▸ **Record set**
╭──
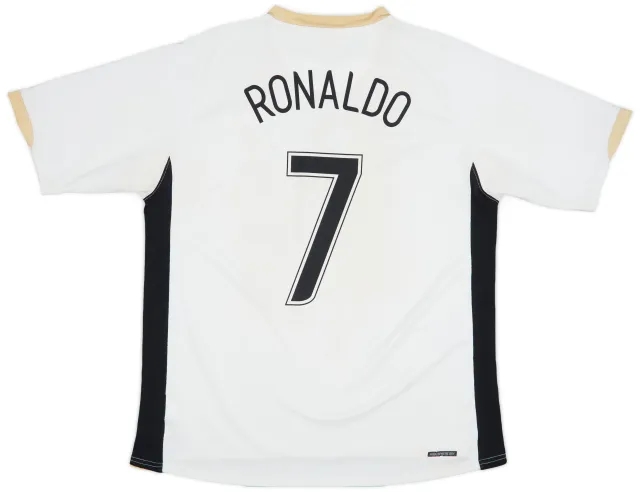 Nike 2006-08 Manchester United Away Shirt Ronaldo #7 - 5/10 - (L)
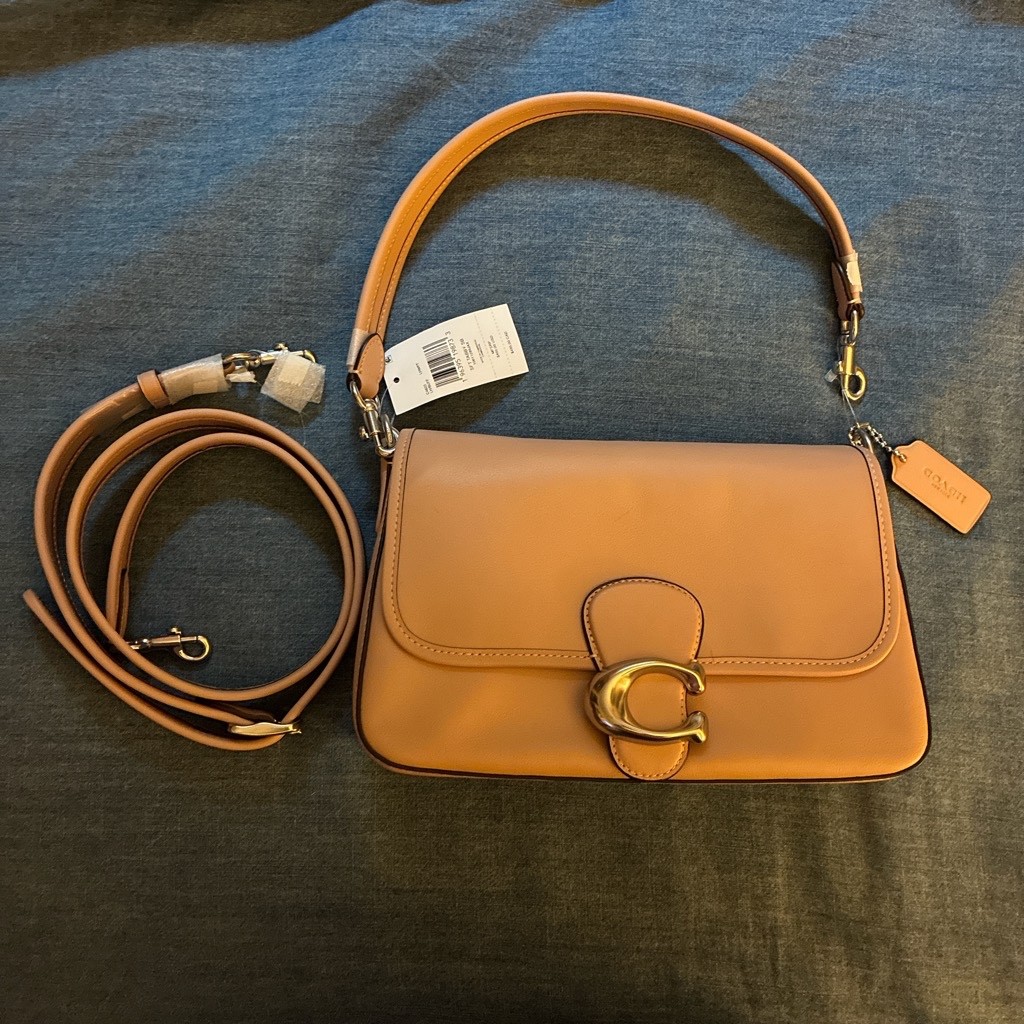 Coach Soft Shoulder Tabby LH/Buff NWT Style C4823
╰──
╭──
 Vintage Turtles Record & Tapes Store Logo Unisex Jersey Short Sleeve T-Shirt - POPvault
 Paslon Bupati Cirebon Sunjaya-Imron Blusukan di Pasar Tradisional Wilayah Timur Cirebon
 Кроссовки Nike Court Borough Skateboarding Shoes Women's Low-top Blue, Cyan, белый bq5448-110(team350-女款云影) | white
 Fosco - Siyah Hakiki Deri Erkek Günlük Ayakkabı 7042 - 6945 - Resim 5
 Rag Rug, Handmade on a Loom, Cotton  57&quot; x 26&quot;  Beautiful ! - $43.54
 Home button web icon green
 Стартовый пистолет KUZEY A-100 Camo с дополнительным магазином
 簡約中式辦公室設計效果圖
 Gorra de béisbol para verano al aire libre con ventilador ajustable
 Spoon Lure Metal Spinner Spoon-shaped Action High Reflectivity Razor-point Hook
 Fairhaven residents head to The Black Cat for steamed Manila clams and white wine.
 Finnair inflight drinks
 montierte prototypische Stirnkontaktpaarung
╰──
╭──
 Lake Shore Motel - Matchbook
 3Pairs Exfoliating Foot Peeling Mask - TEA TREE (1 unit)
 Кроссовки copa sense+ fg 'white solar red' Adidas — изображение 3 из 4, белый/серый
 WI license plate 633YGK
╰──
▸ **Exercise**
Look above for the line containing "Кроссовки Nike Court" and the line containing "montierte prototypische Stirnkontaktpaarung". Transcribe both, with the lines between them, exactly.

▸ **Solution for this task**
 Кроссовки Nike Court Borough Skateboarding Shoes Women's Low-top Blue, Cyan, белый bq5448-110(team350-女款云影) | white
 Fosco - Siyah Hakiki Deri Erkek Günlük Ayakkabı 7042 - 6945 - Resim 5
 Rag Rug, Handmade on a Loom, Cotton  57&quot; x 26&quot;  Beautiful ! - $43.54
 Home button web icon green
 Стартовый пистолет KUZEY A-100 Camo с дополнительным магазином
 簡約中式辦公室設計效果圖
 Gorra de béisbol para verano al aire libre con ventilador ajustable
 Spoon Lure Metal Spinner Spoon-shaped Action High Reflectivity Razor-point Hook
 Fairhaven residents head to The Black Cat for steamed Manila clams and white wine.
 Finnair inflight drinks
 montierte prototypische Stirnkontaktpaarung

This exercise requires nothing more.